The Indian high commission (embassy) in Ottawa did not respond to requests for comment.
New Delhi said last week that Modi had conveyed strong concerns about protests in Canada against India to Trudeau.
Canada has the highest population of Sikhs outside their home state of Punjab in India, and the country has been the site of many demonstrations that have irked India.
Canada is home to one of the largest overseas communities of Indian origin, which number approximately 1.4 million out of an overall Canadian population of 40 million. About 770,000 people reported Sikhism as their religion in the 2021 Census.
The two countries, which earlier this year said they could agree the outlines of a trade deal by end-2023, have now frozen talks on the agreement. Canada gave few details while India cited “certain political developments.”
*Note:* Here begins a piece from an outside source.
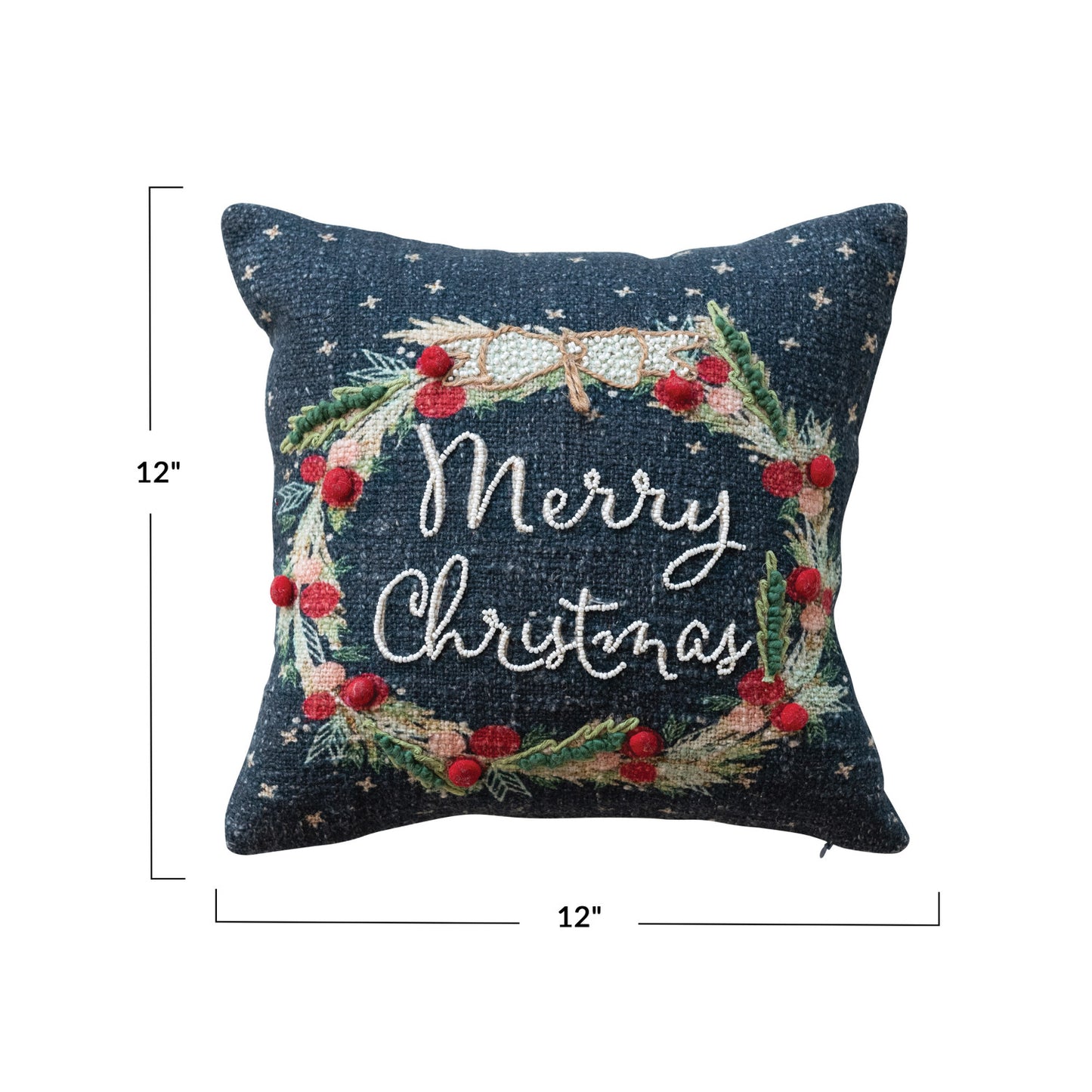 Christmas Wreath Pillow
Bilateral trade in 2022 amounted to just C$13.7 billion out of a total of C$1.52 trillion, according to Statistics Canada.
Trudeau did not directly accuse India of definitely being involved and Foreign Minister Melanie Joly later used more cautious language, saying “if proven true” the allegations would be unacceptable.
Joly told reporters that Ottawa had expelled the Indian head of intelligence in Canada but gave no further details.
“In the strongest possible terms, I continue to urge the government of India to cooperate with Canada to get to the bottom of this matter,” said Trudeau.
Public Safety Minister Dominic LeBlanc said several senior Canadian government officials had visited India recently to express Ottawa’s concerns.
In April, India asked Britain for increased monitoring of UK-based supporters of a Sikh separatist movement. New Delhi was upset after protesters carrying “Khalistan” banners detached the Indian flag from the diplomatic mission’s building in London.